# Paph Dollgoldi



## paphreek (Aug 15, 2007)

Here is the first to bloom of a flask of Dollgoldi's I bought a few years back.


----------



## Roy (Aug 15, 2007)

Nice flower and great plant. What is the leaf length please and time to flower from flask. I would like to put a praestans on it.


----------



## paphreek (Aug 15, 2007)

Roy said:


> Nice flower and great plant. What is the leaf length please and time to flower from flask. I would like to put a praestans on it.

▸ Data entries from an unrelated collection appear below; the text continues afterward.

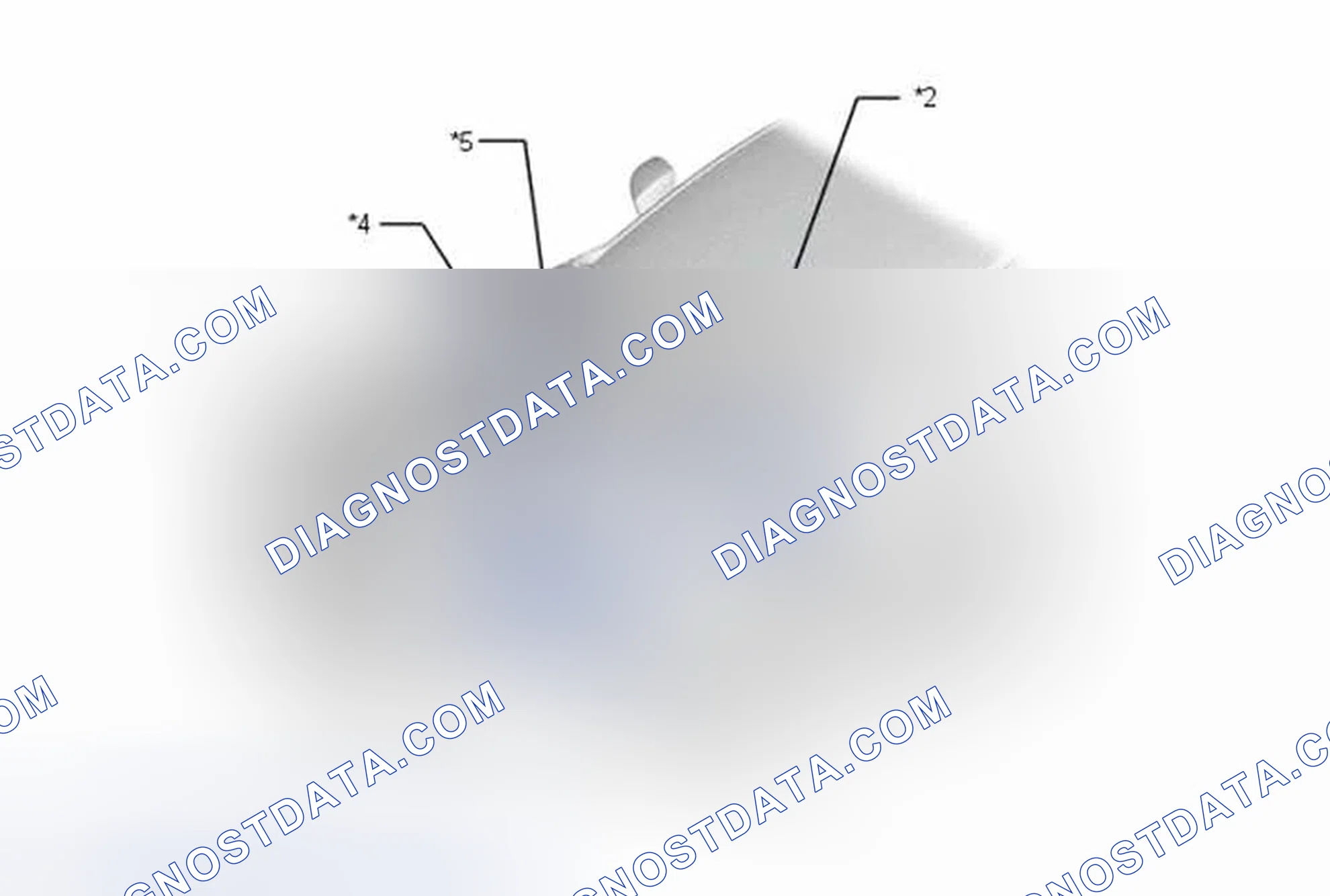 Scheme 6: ILLUSTRATION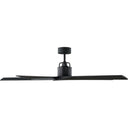 Visual Comfort Studio 5ASPR56 Aspen 56" Ceiling Fan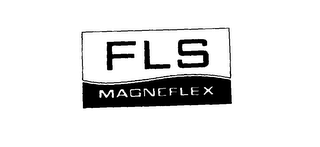 FLS MAGNEFLEX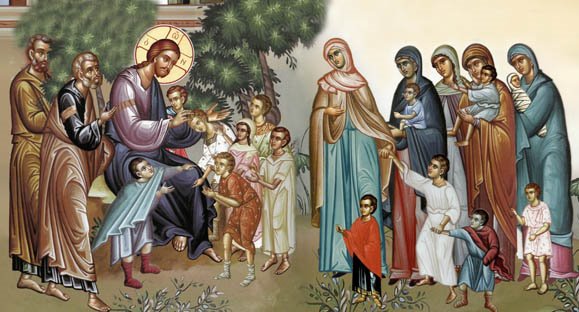 http://saint-anthonys.org/wp-content/uploads/2011/12/EYLOGON-TA-PAIDIA.jpg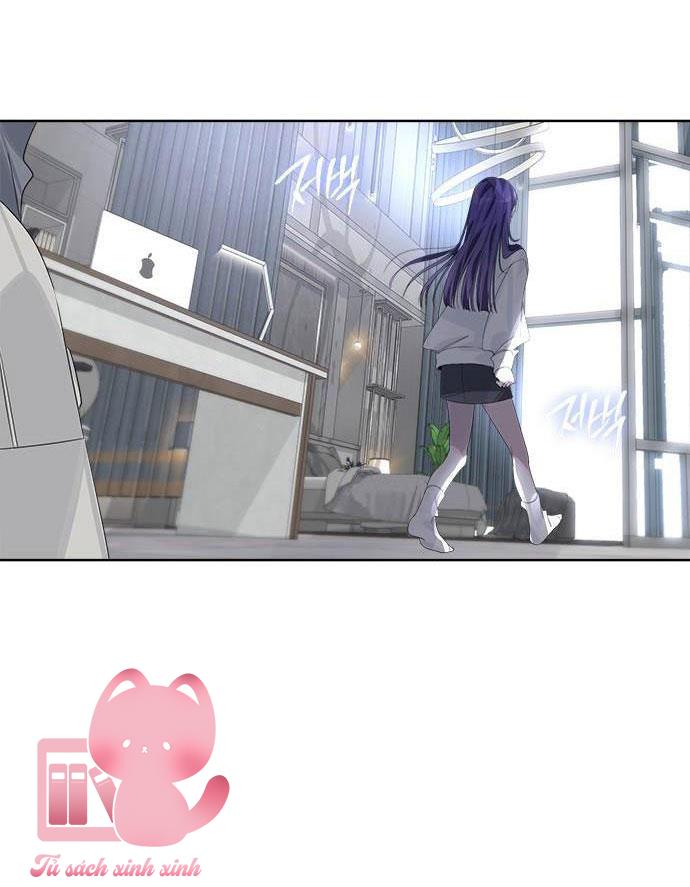 Đàn Anh Xấu Xa! Chap 71 - Trang 3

The leaf span from tip to tip is 14". My records are not as good as they should be, but the tag indicates I deflasked them sometime in 2003.


----------



## L I Jane (Aug 15, 2007)

Nice! The one I bought from you, Ross, in July 05 hasn't bloomed yet but the bud is still growing fatter so won't be long!


----------



## Roy (Aug 15, 2007)

Great growing. Haven't heard of anyone here getting one to flower so quick or having that size plant in that time.


----------



## paphreek (Aug 15, 2007)

Roy said:


> Great growing. Haven't heard of anyone here getting one to flower so quick or having that size plant in that time.


Thanks, Roy. Credit also needs to be given to the hybridizer, Chuck Ackers, for creating a vigorous cross. There were about 7 or 8 really vigorous ones in the flask. L.I. Jane has one of those. 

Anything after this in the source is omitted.